従価税
じゅうかぜい
ひとことで言うと
財の価格に対して一定率で課される税で、消費税が代表例。
解説
財の価格に対して一定率で課される税のこと。消費税が代表例である。従量税と異なり、税額は価格に比例して変化する。供給曲線を上方に回転させる効果があり、税の帰着分析で従量税との違いが出題される。
くわしく解説
従価税とは、課税対象となる財の価格に対して一定の税率を掛けて税額を算出する税のことである。消費税(現行10%)がその代表例であり、価格が高いほど税額も大きくなる。グラフ上では、供給曲線を上方に「回転」させる効果がある点が特徴的である。これは税額が価格に比例するため、高価格帯ほど曲線の上方へのシフト幅が大きくなるためである。一方、従量税は供給曲線を平行シフトさせる。課税による需要者価格と供給者価格の乖離、余剰の損失(死荷重)は従価税でも同様に分析される。
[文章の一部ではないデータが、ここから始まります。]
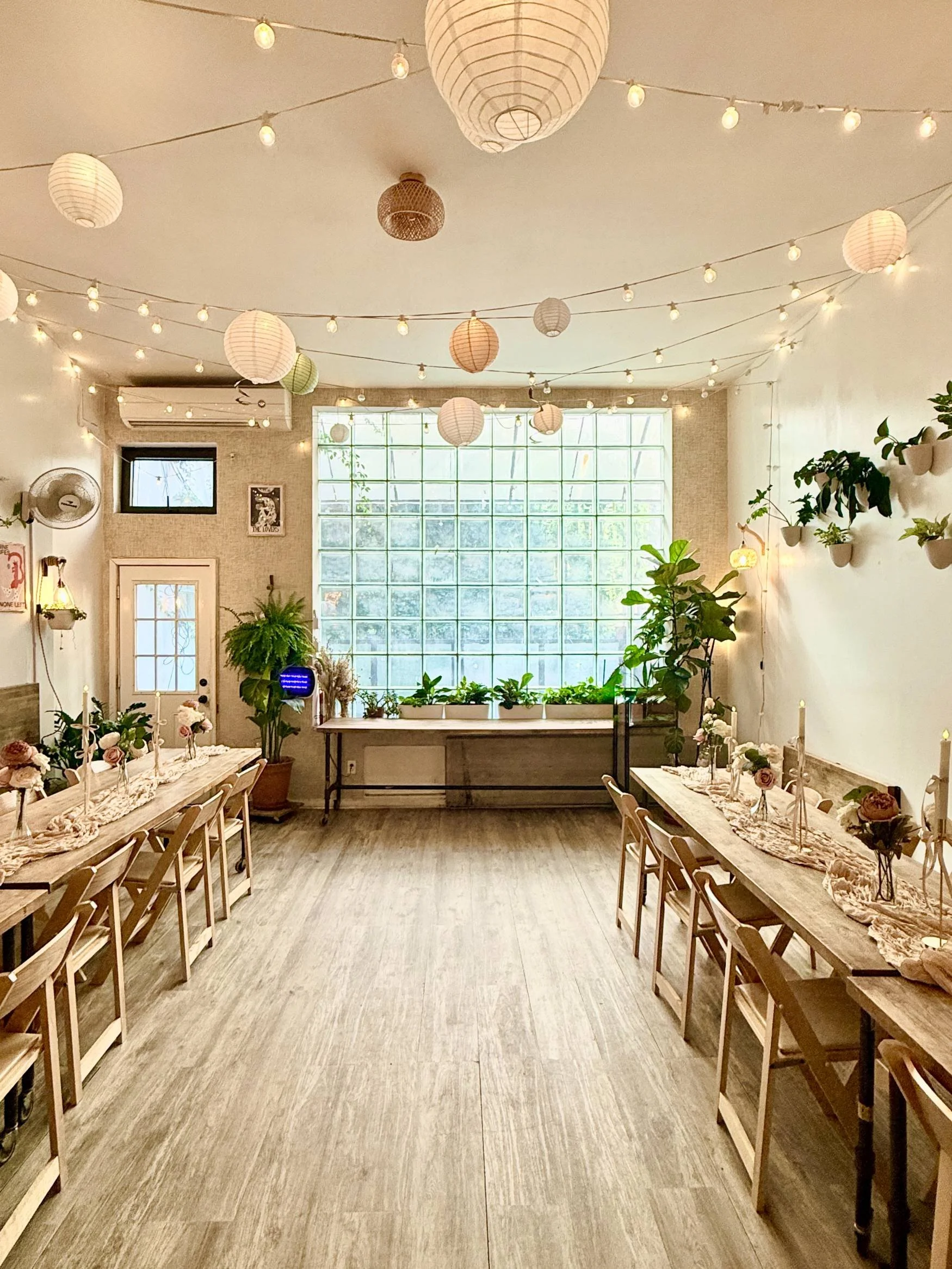 Warm wood tables and chairs with plants and string lights in a light-filled Brooklyn event space—Simple Package at Bat Haus.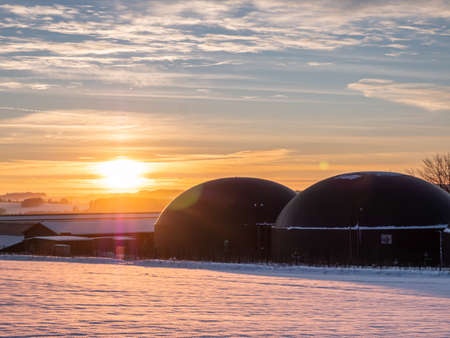 Biogas plant in the winter sunsetの写真素材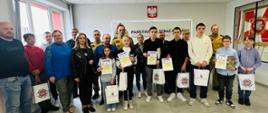 Zdjęcie grupowe na pierwszym planie funkcjonariusze – strażacy w umundurowaniu oraz finaliści konkursu – dzieci trzymające nagrody oraz dyplomy wraz w opiekunami.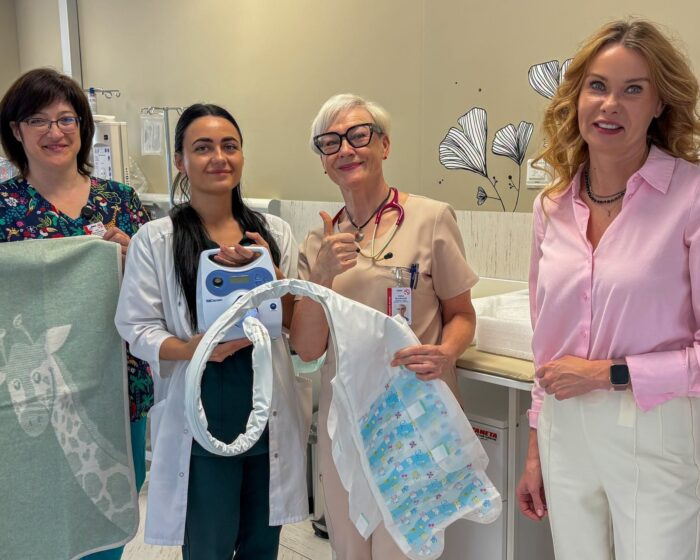 Four healthcare workers in a hospital room pose with a newborn in a bassinet, smiling at the camera.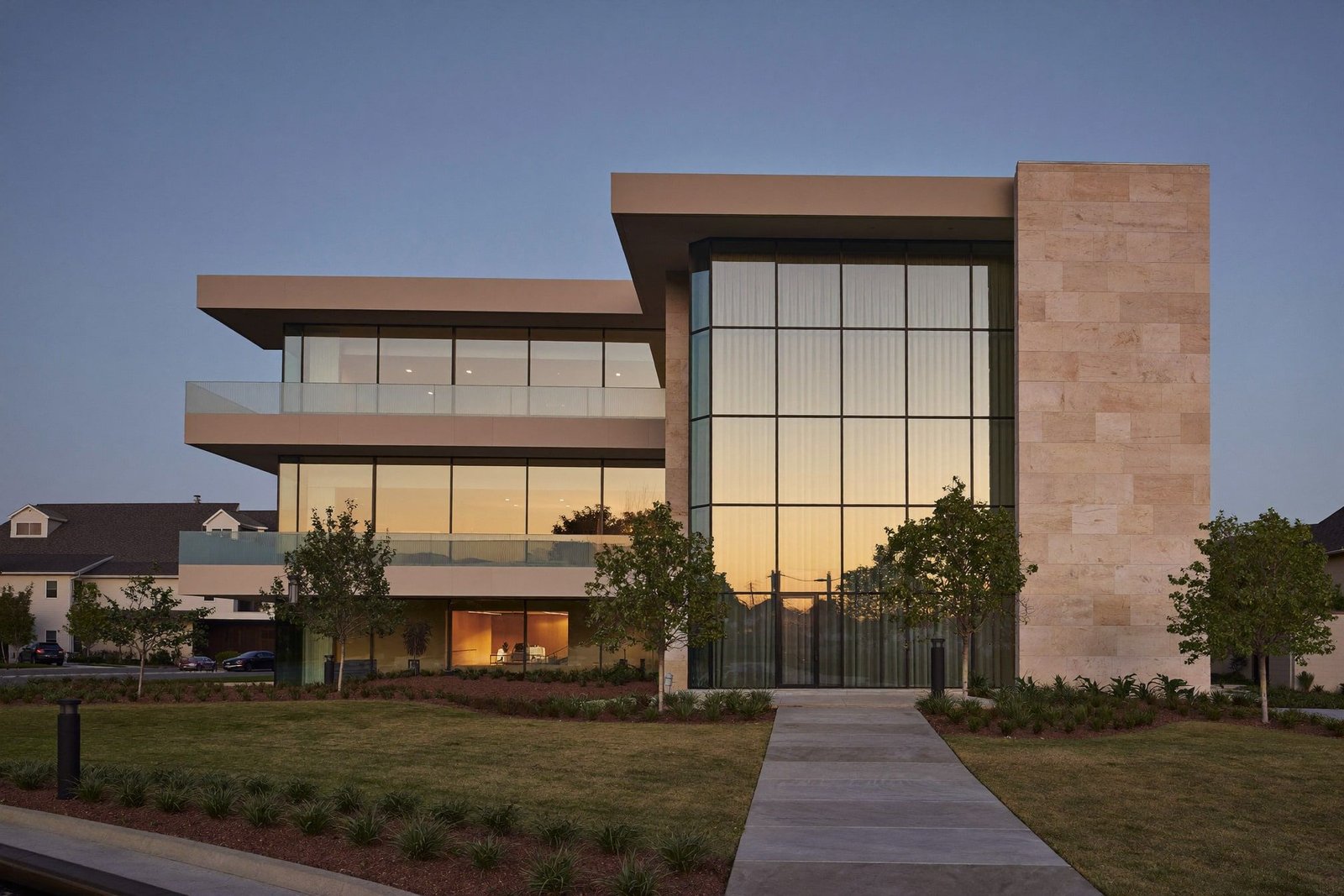 Three-story medical office building at blue hour, glass curtain wall and limestone above a landscaped entry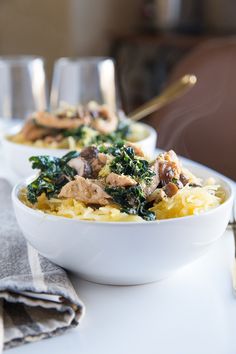 two white bowls filled with food sitting on top of a table next to silverware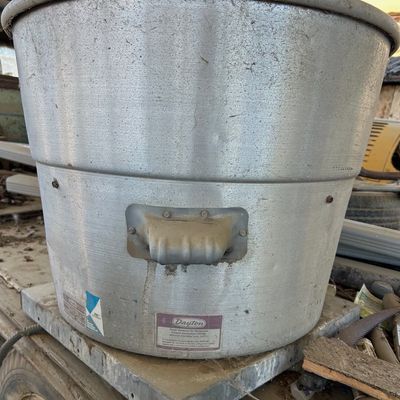 Sale Photo Thumbnail #133: Dayton commercial power roof ventilator fan unit with an aluminum housing.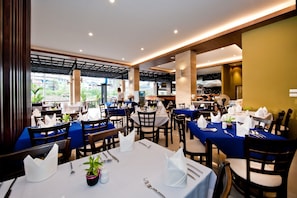 A restaurant with multiple tables set for dining, featuring blue tablecloths and white napkins.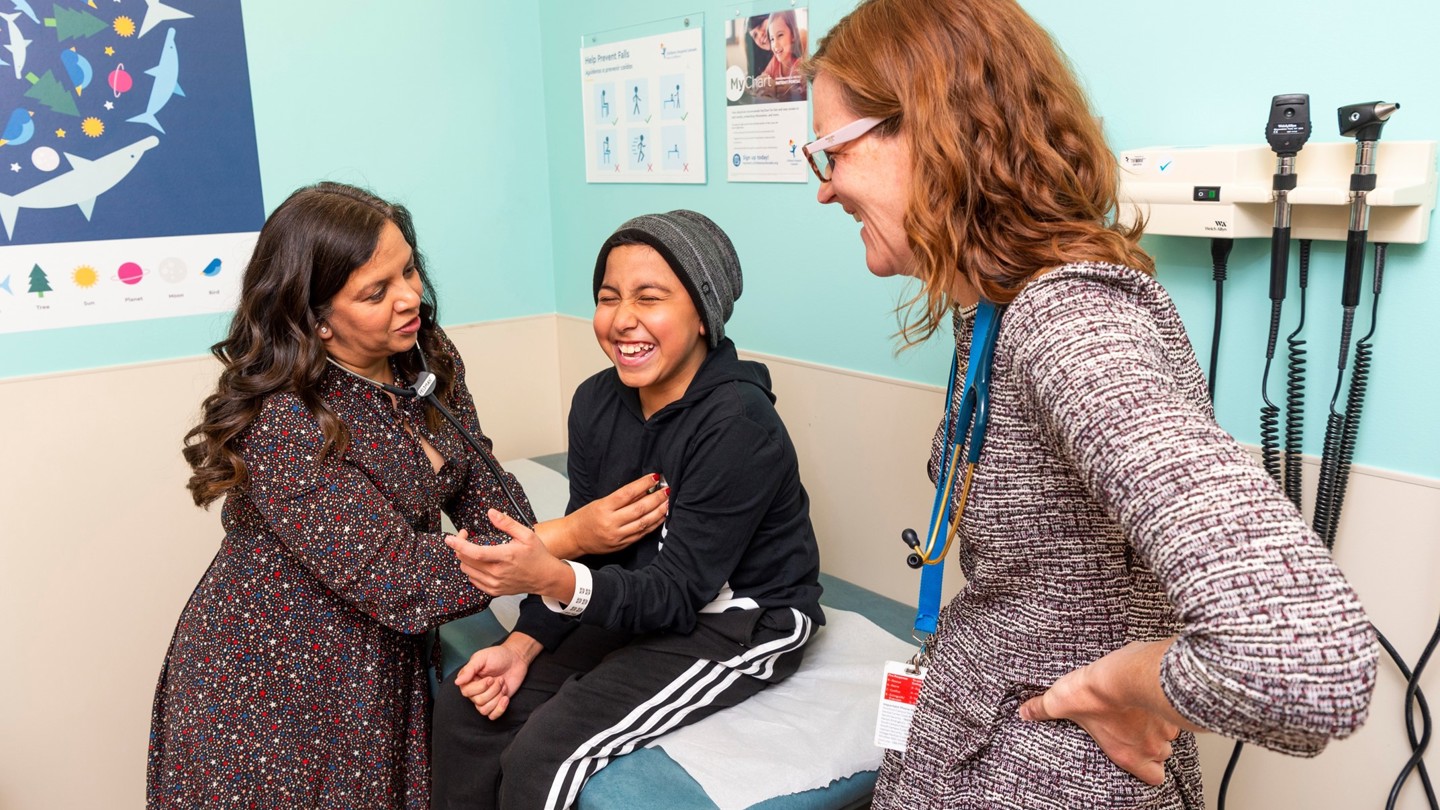 Two female providers examine an adolescent patient.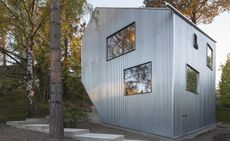 Corrugated steel-clad villas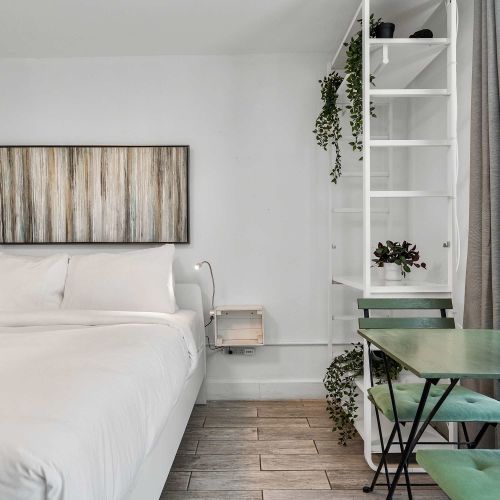 A sunlit workspace right by the window with refreshing green accents. The ultimate setup for a productive remote work morning or breakfast for two.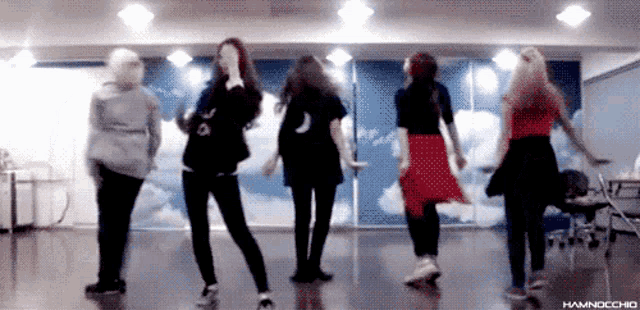 a group of girls are dancing in a room with the word hamnocchio on the bottom right
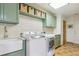 Well-organized laundry room features cabinets, counter space, a sink and modern appliances at 7289 Stroh Rd, Parker, CO 80134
試験では供給曲線のシフト形状による従量税との識別、および税の帰着(消費者・生産者の負担割合)に関する問題が頻出である。
具体例で考えよう
商品価格が1,000円のとき消費税10%なら税額は100円だが、価格が2,000円なら税額は200円になる。価格に応じて税額が変わる点が従価税の特徴である。
試験対策ポイント
従量税との最大の違いは供給曲線のシフト形状(従価税=回転、従量税=平行シフト)。グラフの形状で判別する問題が頻出。税の帰着分析も合わせて理解すること。